_RECORD EXCERPTS:_
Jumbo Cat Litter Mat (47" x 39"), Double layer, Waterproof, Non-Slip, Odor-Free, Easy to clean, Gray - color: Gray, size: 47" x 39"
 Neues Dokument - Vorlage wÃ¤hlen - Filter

--

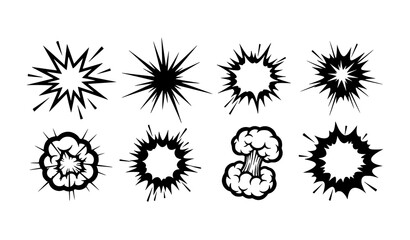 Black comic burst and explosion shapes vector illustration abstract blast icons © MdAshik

_WHAT YOU HAVE TO DO:_ Transcribe the records above exactly, beginning at the line that contains "Jumbo Cat Litter" and ending with the line that contains "Neues Dokument - Vorlage wÃ¤hlen - Filter", both included, and nothing else.

_SOLUTION TO THIS EXERCISE:_
Jumbo Cat Litter Mat (47" x 39"), Double layer, Waterproof, Non-Slip, Odor-Free, Easy to clean, Gray - color: Gray, size: 47" x 39"
 Neues Dokument - Vorlage wÃ¤hlen - Filter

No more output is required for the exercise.